A study published in the American Journal of Public Health found that an average of 48 women and girls are raped in the DRC every hour. Margot Wallstrom, former U.N. Special Representative on Sexual Violence in Conflict, has described the DRC as “the rape capital of the world”. One of the crucial issues, which the situation in the DRC highlights, is the potential bias of international law in the way in which it does not specifically take gender issues into consideration.
Even though the UN's Disarmament, Demobilisation and Reintegration (DDR) conflict resolution programmes have been in operation since the 1980s, they do not pay much consideration to female victims of war. The focus tends to be on getting rid of weapons, but women and children do not necessarily carry weapons. "Due to the roles that girls play [in conflict situations], including cooking, domestic tasks, transporting provisions and sexual services, they are rendered almost invisible, under the radar of international law and disarmament initiatives," writes Isabelle de Grave in an article for the Inter Press Service news agency.

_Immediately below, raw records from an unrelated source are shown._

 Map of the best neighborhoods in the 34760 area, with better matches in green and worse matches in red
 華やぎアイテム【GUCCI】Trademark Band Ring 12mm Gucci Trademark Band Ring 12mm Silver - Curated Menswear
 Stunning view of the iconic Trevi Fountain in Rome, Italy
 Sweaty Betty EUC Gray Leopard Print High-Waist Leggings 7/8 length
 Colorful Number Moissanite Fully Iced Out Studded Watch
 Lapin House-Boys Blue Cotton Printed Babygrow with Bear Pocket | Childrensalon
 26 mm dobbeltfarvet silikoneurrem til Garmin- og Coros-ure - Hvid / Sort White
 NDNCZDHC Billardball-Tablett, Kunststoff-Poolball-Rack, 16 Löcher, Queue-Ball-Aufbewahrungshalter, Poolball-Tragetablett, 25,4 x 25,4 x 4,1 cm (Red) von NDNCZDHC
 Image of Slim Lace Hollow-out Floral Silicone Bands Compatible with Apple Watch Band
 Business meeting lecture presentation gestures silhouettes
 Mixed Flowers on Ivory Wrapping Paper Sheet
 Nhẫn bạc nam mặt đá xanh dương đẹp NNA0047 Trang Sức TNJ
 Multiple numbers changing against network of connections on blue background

Last month, the Global Summit to end Sexual Violence in Conflict was hosted by William Hague and Angelina Jolie in London. It shone light on the issues facing the DRC's population, which have been left in the shadows and given little attention by international media.
Jean Roger Kaseki, the first Councillor of Congolese origin elected in the UK, believes that the situation in the DRC has been overlooked in the last decade because of attention being focused on terrorist threats from the Middle East and elsewhere.
He says: “The reason why the Congo is not in the news is because there is no terrorism. There is no immediate security threat coming from the Congo. This is why there is this media blackout.”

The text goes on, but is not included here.